# Gaggia Classic no water flow!



## pglondon (Jul 7, 2014)

Hi all,

I've had my Gaggia Classic for about 3 years now and have been descaling every 2-3 months using an appropriate descaler from Robert Dyas.

A couple of weeks ago, the water flow became very weak and it was taking about 5mins to make one espresso. I decided to descale the machine but now the flow has completely stopped.

The steam wand does seem to work and steam comes through. When I turn the machine on after some time of inactivity, a little bit of water drips through the brew group but then completely stops. The machine makes a faint noise, much quieter than the normal noise it used to make when it was brewing (it seems like it is trying to get water in but failing).

I have been reading forums and trying to find a solution. It seems like it may be an issue with the solenoid valve but I'm not sure. Before I do anything to the machine, can someone please let me know what the issue could be?

If the solenoid valve is the issue, then I'd appreciate any pointers on how to fix it. Looking through the internet, I haven't been able to find a clear illustration of how the solenoid valve is cleaned. Does anyone know of any video walk-through or step-by-step picture guide?

Thanks in advance for your help. I really appreciate it.
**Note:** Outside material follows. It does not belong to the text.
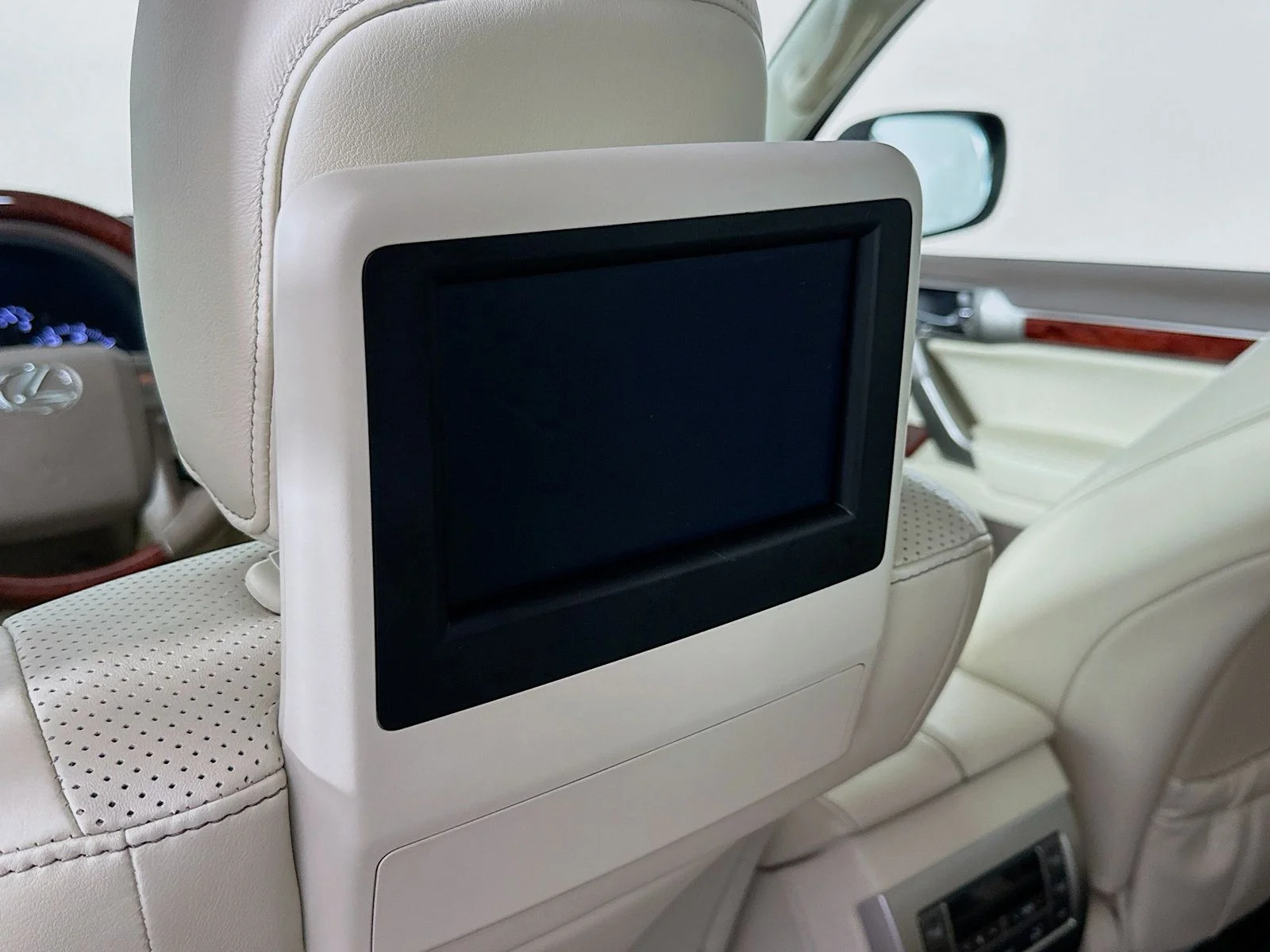 Used 2013 Knights Armor Pearl Lexus 460 Premium image 28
Desperately missing my double espresso in the mornings!


----------



## DannyMontez (May 19, 2014)

I assume you've tried cleaning the group head and shower screen?


----------



## seeq (Jul 9, 2011)

It does sound like it could be the solenoid. They are prone to clogging up with regular descaling. I have taken mine apart and cleaned it out but that was a while ago. Sadly I can't recall where I got the guide from (I'm sure there is one on this forum somewhere), but it's a fairly simple job.


----------



## El carajillo (Mar 16, 2013)

Go to bottom of forum page and click on COFFEE WIKI then click on Machine Faults and Fixes. click Check if Solenoid Valve is Blocked. This gives a full written description.


----------



## Phil104 (Apr 15, 2014)

I'm not the most technically minded. Back from holiday, left shower screen etc clean before I went, just pulled a shot and was going to do the second when all I heard was a buzzing noise but no water at all. Checked the forum, found this thread, went to the WIKI, when I switch on the coffee switch there is no audible click. My assumption is that the solenoid has bit the dust - is that right.


----------



## chewy (Jan 16, 2013)

Sounds like the solenoid is blocked. Basically it had a tiny hole and limescale can (and does) block it.


----------



## Phil104 (Apr 15, 2014)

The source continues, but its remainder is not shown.